These are contemporary copies of the Parish Registers - that is, copies made in the parish in the same year as the original parish register entries. Under an Order made in 1598 it was stipulated that within one month of Easter each year, the churchwardens were to send to the Diocesan Registry (that is, to the Bishop) a copy of all the register entries for the preceding year. Note that these copies may not be an exact copy of a register entry. Some transcripts were made first, and copied up into the register before being sent to the bishop, and some do not contain all the information found in the register, while some contain more.
Bishops transcripts are useful to the family historian in cases where a parish register is missing, or where there are gaps or difficulties in reading existing ones. These transcripts are now stored in the Diocesan Record Office. This is usually, but not always, the County Record Office. If a diocese includes more than one county, the transcripts for that diocese may be split by archdeaconry, and stored in the relevant County Record Office, instead of together as a complete group with all the other diocesan records.
Early Bishops Transcripts (up to 1812)
Bishops transcripts are available for almost all Devon and most Cornwall parishes. The earliest transcripts date from 1598, but because they were written on paper, very few survive from the early 17th century.

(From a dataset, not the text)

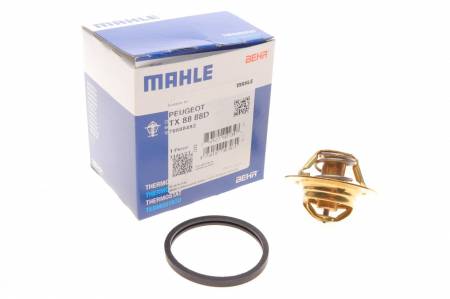 Термостат Citroen Jumper 2.0 94-02/Peugeot Partner 1.1-1.4 96-15/Renault Kangoo 1.9 TDI 00- (88 °C) 287 TX 88 88D фото товару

No transcripts were written during the Commonwealth period because there were no bishops, and many of the Anglican clergy were deprived of their livings. The keeping of bishops transcripts was recommenced at the Restoration and most parishes have a reasonably good series from 1660, and this is especially so for the second half of the 18th century.
Late Bishops Transcripts (after 1812)
When George Rose’s Act was passed requiring baptism, marriage and burial registers to be kept in printed books with parchment pages, the keeping of bishops transcripts changed in a similar way, and they were exact copies of the registers, written on printed sheets of parchment, often with the page and entry numbers copied from the register, as well.
After the introduction of civil registration in 1837, copies of marriage entries were no longer sent to the bishop because copies had to be sent to the registrar. Baptisms and burial entries continued to be copied for some time; the date when they cease varies from parish to parish, with some continuing into the 1850s and 60s. Most of these parchment transcripts are in good condition, but some were very badly damaged by fire and water when the room in the Cathedral where they were kept was hit by an incendiary bomb in 1942. This damage is so severe that in some cases transcripts for a whole parish cannot be unfolded and read.
Locating Bishops Transcripts for Devon and Cornwall
The counties of both Devon and Cornwall were, until 1876, in the diocese of Exeter. The pre-1812 transcripts for Devon have been microfilmed and the films are available at all three of Devon's Record Offices.
The transcripts for Cornwall are divided between the Devon Record Office in Exeter and the Cornwall Record Office, County Hall, Truro. Bishops Transcripts for Cornish parishes in the Archdeaconry of Cornwall are held at Truro for the years 1674-1736, 1741-1772, and 1801-1804, but these are also available on microfilm at Devon Record Office in Exeter.
The post-1812 Bishops Transcripts (known as late BTs) for Devon and Cornwall have not been filmed, and those which are not badly damaged can be consulted at the Devon Record Office in Exeter. All Cornish Bishops Transcripts are held in the Great Moor House strong-rooms, and those for Devon parishes which have not deposited early 19th century registers, or which have missing registers, are also held at Great Moor House.